The findings provide preliminary estimates of the impact of widespread transportation electrification on the grids of Pacific Gas and Electric (PG&E), Southern California Edison (SCE) and San Diego Gas & Electric (SDG&E) using a “highly granular load forecast” for more than 12 million homes.
“It is important to highlight that this Part 1 analysis was conducted under unmitigated planning scenarios, which assume only traditional utility distribution infrastructure investments,” the study says.
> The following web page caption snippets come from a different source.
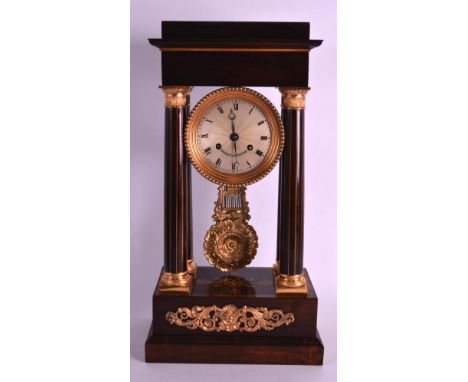 A LOVELY ROSEWOOD AND ORMOLU MANTEL CLOCK with central silvered dial engraved L'oiseau A Rochefort, with four cylindrical sup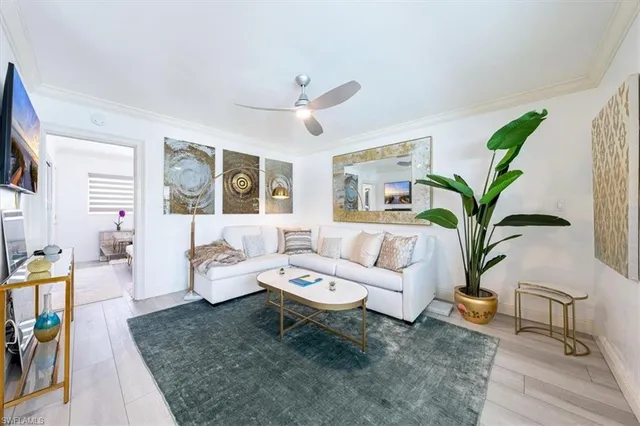 a living room with furniture a chandelier and a rug
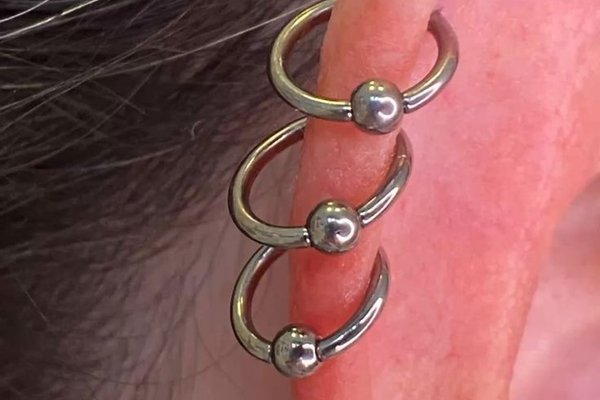 Triple helix piercing back view photo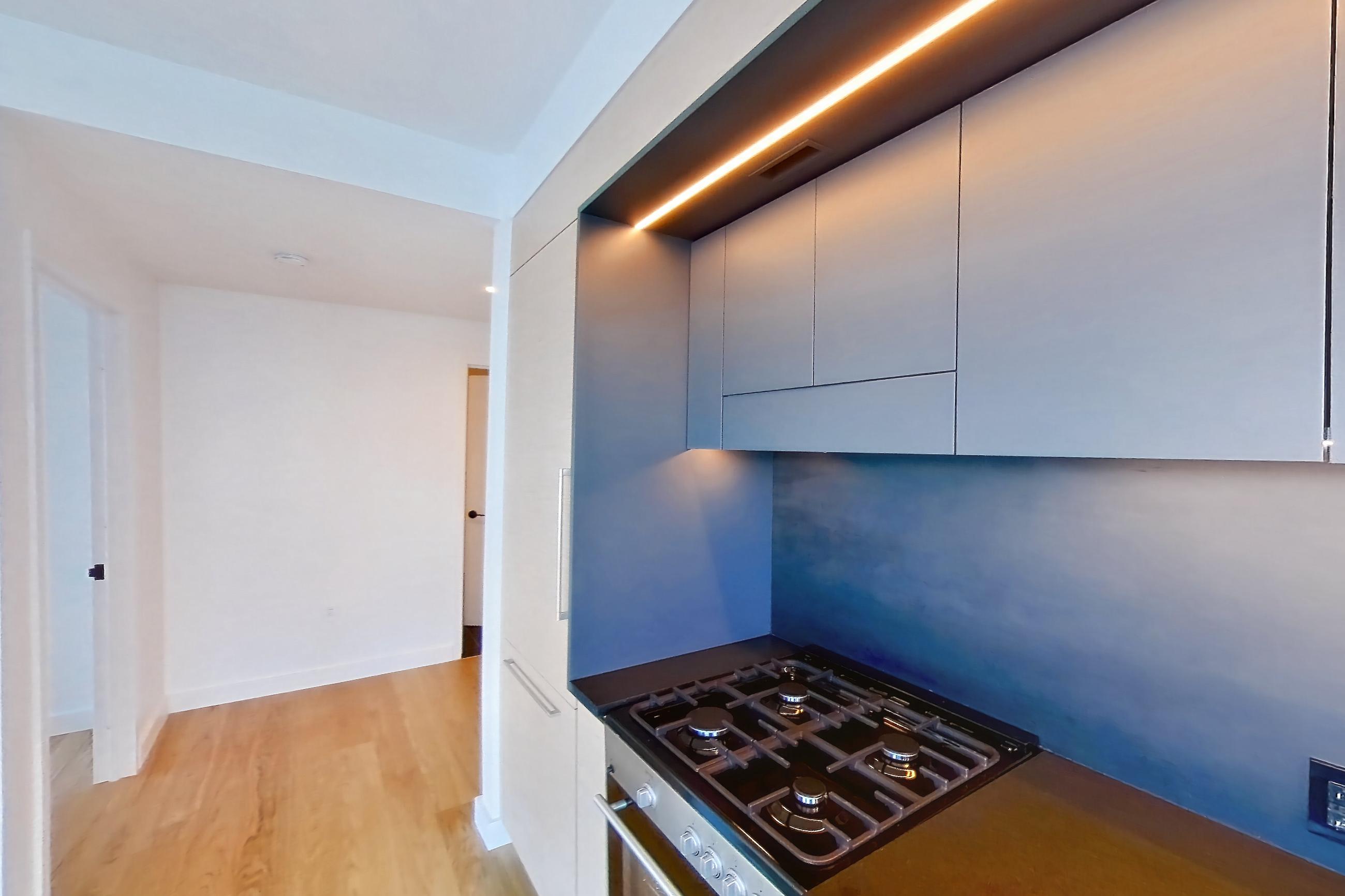 Kitchen with gas range and light wood-finish flooring, Apartment 1-2204 at Eagle + West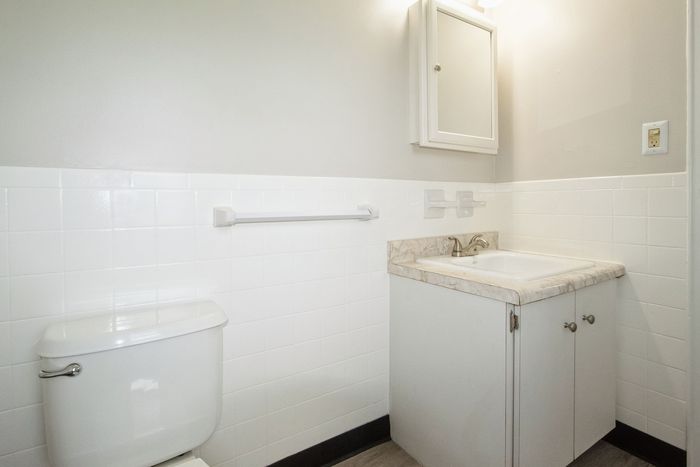 Bright and modern bathroom with sleek white tiles, elegant vanity with marble countertop, and contemporary fixtures.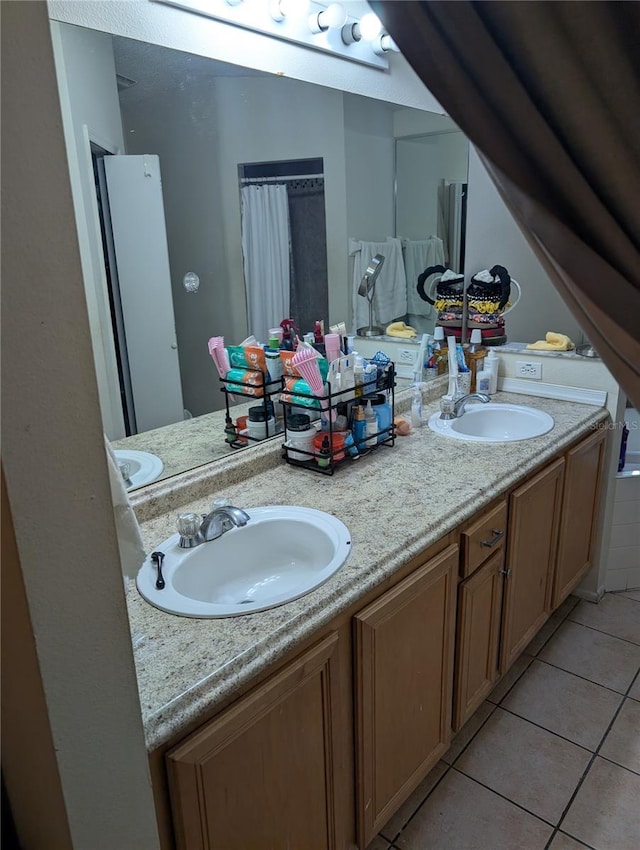 bathroom featuring double vanity, tile patterned flooring, and a sink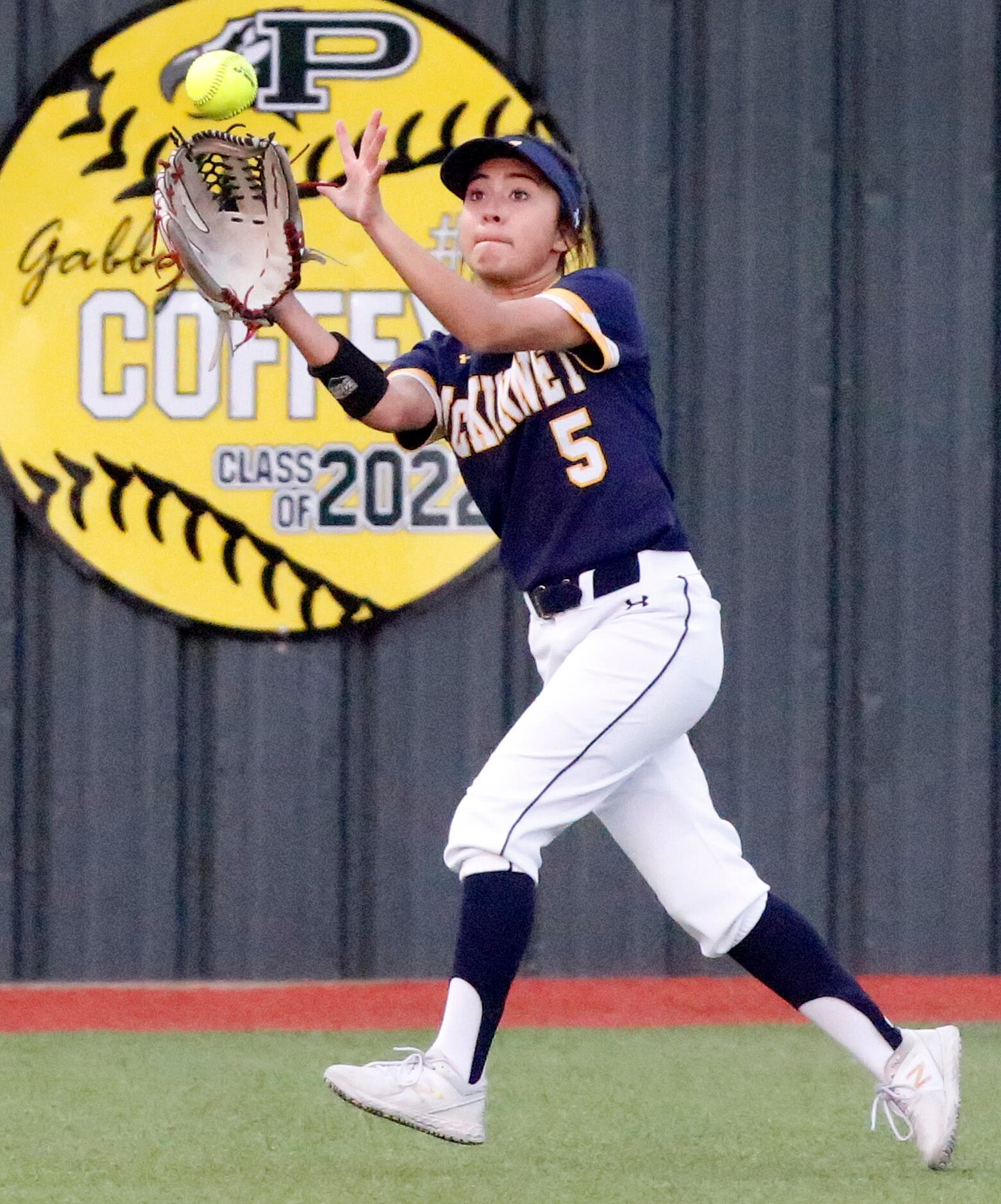 McKinney High School center fielder Mariah Trevino (5) makes a running catch in the first...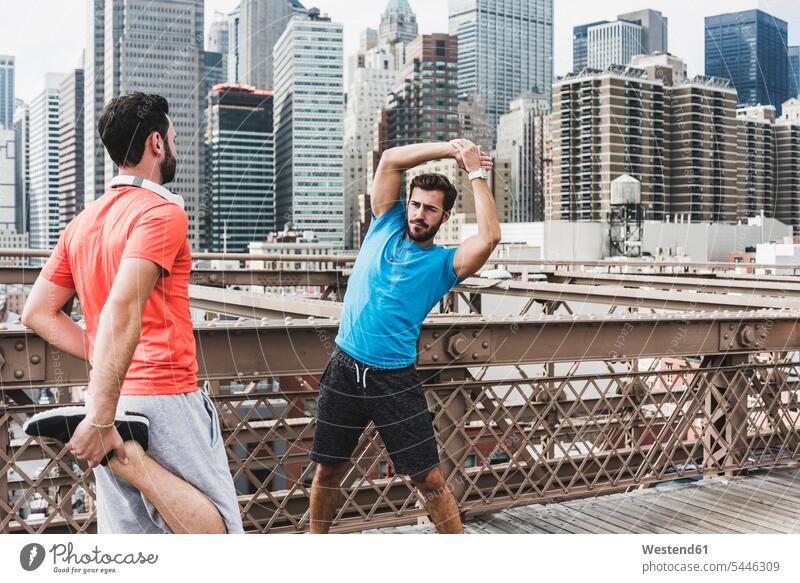 USA, New York City, two athletes stretching on Brooklyn Brige Jogging friends man men males bridge bridges fitness sport sports friendship Adults grown-ups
The study also assumed that existing time-of-use rates and behind-the-meter solar tariffs would be in place throughout the study period.
“It did not consider alternatives or future potential mitigation strategies such as alternative time-variant rates or dynamic rates and flexible load management strategies,” the study says.
“Across these unmitigated load scenarios, Kevala estimates up to $50 billion in traditional electricity distribution grid infrastructure investments by 2035,” it says. “This estimate reflects distribution grid needs across the PG&E, SCE and SDG&E service territories under the policy assumptions used in this report.”
Two high transportation electrification scenarios would require the utilities to nearly double their current spending on feeder lines, transformer banks and substations, it says.
“Secondary transformer and service upgrades alone … [comprise] an estimated $15 billion of the $50 billion … and are currently not accounted for” in the investor-owned utilities’ annual assessments of grid needs, it says.
“PG&E’s distribution circuits are projected to reach capacity sooner than SCE and SDG&E,” it says. “SDG&E is expected to have the least number of feeders reaching full capacity by 2035, with 22% compared to SCE’s 36% and PG&E’s 48% of feeders.”
The study forecasts that peak load will increase on the utilities’ distribution systems an average of 56% from 2025 to 2035 under all high-electrification and base-case scenarios.
“This dramatic increase in peak load … is primarily due to transportation electrification impacts, with over 60% of this demand coming from light-duty vehicles,” it says. “The average percent change in peak load from 2025 to 2035 for the high transportation electrification scenarios is more dramatic for PG&E (69%), followed by SDG&E (53%) and SCE (44%).”
Among the study’s recommendations is that the utilities increase their distribution planning horizons to align with those of CAISO and the California Energy Commission, which stretch from 10 to 20 years. That would help them prepare more efficiently for a distribution grid that can incorporate DERs and manage load, it says.
“The substantial difference between the estimated capacity expansion costs, in the several tens of billions of dollars, in this study and the recent filings by the [utilities] suggest there is a disconnect between the data and the current planning process,” it says.
Another recommendation is for the utilities to better incorporate the state’s policy goals in their distribution planning.
A second part of the study will build on the first part’s findings, including by developing scenarios that reflect state policy goals, state agency targets and the Energy Commission’s demand forecast.